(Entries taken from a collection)
———

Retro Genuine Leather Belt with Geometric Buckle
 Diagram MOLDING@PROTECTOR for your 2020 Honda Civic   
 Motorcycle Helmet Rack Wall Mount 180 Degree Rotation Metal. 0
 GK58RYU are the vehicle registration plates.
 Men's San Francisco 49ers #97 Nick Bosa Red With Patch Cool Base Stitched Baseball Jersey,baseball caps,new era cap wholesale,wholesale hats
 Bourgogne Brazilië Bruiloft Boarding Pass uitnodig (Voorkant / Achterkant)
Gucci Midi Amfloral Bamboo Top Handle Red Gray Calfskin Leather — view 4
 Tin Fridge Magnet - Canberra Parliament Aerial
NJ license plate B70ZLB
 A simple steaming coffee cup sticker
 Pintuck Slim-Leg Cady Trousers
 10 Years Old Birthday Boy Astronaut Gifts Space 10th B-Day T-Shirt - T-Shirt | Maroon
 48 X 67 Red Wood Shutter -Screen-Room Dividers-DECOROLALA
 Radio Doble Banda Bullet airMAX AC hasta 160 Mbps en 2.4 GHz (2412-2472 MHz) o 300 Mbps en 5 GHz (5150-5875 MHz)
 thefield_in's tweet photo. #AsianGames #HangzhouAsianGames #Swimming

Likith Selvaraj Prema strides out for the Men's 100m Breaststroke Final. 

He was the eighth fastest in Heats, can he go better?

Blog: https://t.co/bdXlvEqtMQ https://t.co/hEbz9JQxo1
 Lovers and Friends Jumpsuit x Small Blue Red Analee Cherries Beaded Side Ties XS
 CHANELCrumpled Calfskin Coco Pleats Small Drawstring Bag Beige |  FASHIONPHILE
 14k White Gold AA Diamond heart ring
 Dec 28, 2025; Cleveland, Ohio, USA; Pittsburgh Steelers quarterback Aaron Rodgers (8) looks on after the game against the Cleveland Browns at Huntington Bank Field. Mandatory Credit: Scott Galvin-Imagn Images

———

--- Task directions ---
Go through the records and gather the lines that hold "Leather".

--- Answer space ---
Retro Genuine Leather Belt with Geometric Buckle
Gucci Midi Amfloral Bamboo Top Handle Red Gray Calfskin Leather — view 4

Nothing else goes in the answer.